» Task input
╭──

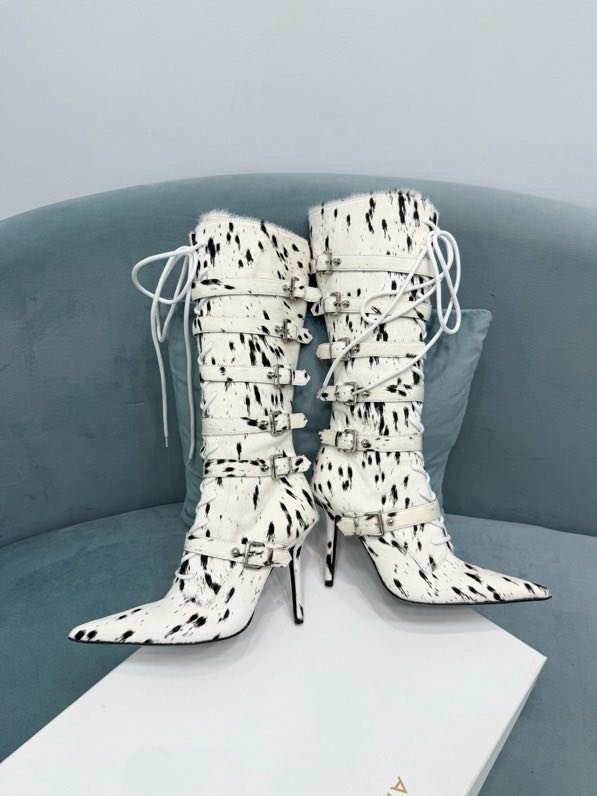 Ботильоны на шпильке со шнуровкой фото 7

╰──
╭──

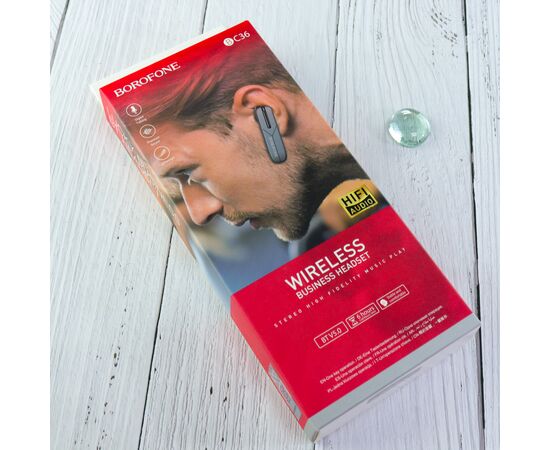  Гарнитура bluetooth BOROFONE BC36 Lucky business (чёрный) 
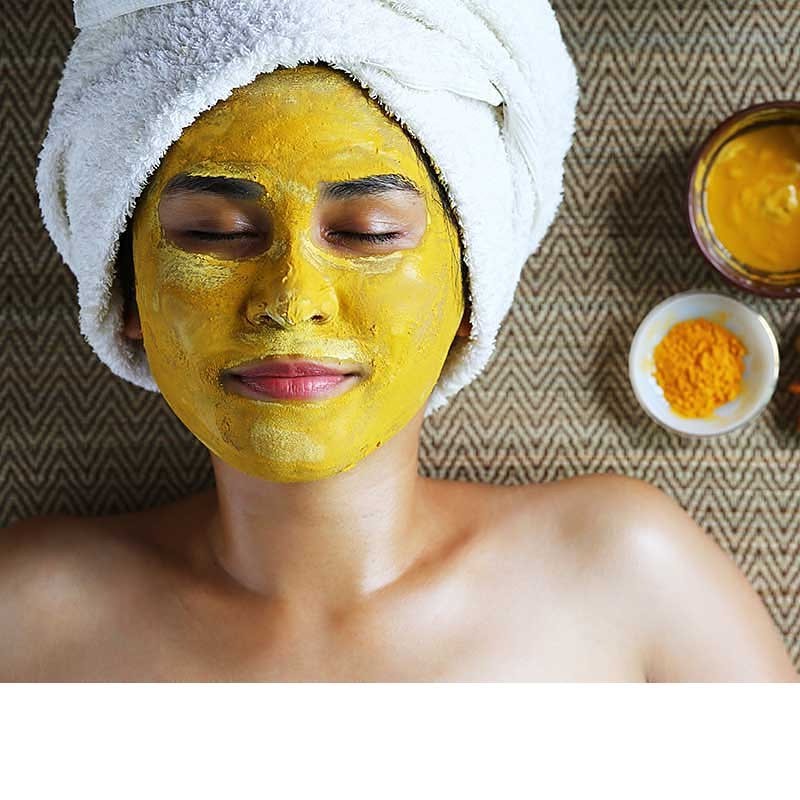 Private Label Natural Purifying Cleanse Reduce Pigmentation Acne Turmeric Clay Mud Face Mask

╰──

» Work instructions
In the listing above, find the line containing "Гарнитура bluetooth BOROFONE" and the line containing "Private Label Natural", then output those two lines and everything between them exactly as written, without the images.

» Finished exercise
  Гарнитура bluetooth BOROFONE BC36 Lucky business (чёрный) 
 Private Label Natural Purifying Cleanse Reduce Pigmentation Acne Turmeric Clay Mud Face Mask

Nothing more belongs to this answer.